How AI can help detect cancer | Explained News

Given the escalating cases of cancer, the shortage of specialists poses a significant challenge in curbing fatalities. To address this gap, Mumbai’s Tata Memorial Hospital (TMH), the biggest cancer hospital in India, is turning to artificial intelligence (AI).

By established a Bio-Imaging Bank for cancer, the hospital is utilising deep learning to craft a cancer-specific tailored algorithm that aids in early-stage cancer detection. It incorporated data from 60,000 patients into the biobank in the last year.

Here is all you need to know about the project.

What is a ‘Bio-Imaging Bank’, and how does AI come into the picture?

The projects overarching goal is to create a robust repository encompassing radiology and pathology images, intricately linked with clinical information, outcome data, treatment specifics, and additional metadata. This comprehensive resource is strategically designed for the training, validation, and rigorous testing of AI algorithms.
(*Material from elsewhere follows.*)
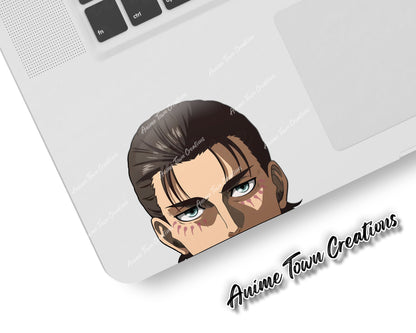 Anime Town Creations Sticker Attack On Titan Eren Adult Peeker 5" Accessories - Anime Attack on Titan Sticker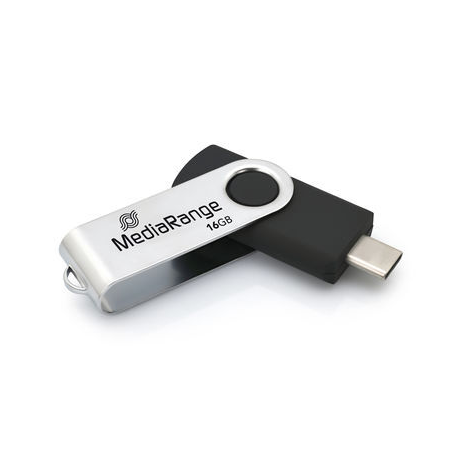 MEMORY DRIVE FLASH USB-C 16GB/MR1951 MEDIARANGE - 0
Initially focusing on head neck cancers and lung cancers, with a minimum of 1000 patients for each cancer type, the project aims to surpass the committed patient data for both cancer types by its completion date. Alongside database creation, the project involves training and testing multiple AI algorithms using the gathered data, addressing medically relevant tasks such as screening for lymph node metastases, nucleus segmentation and classification, biomarker prediction (for instance, HPV in oropharyngeal and EGFR in lung cancer), and therapy response prediction.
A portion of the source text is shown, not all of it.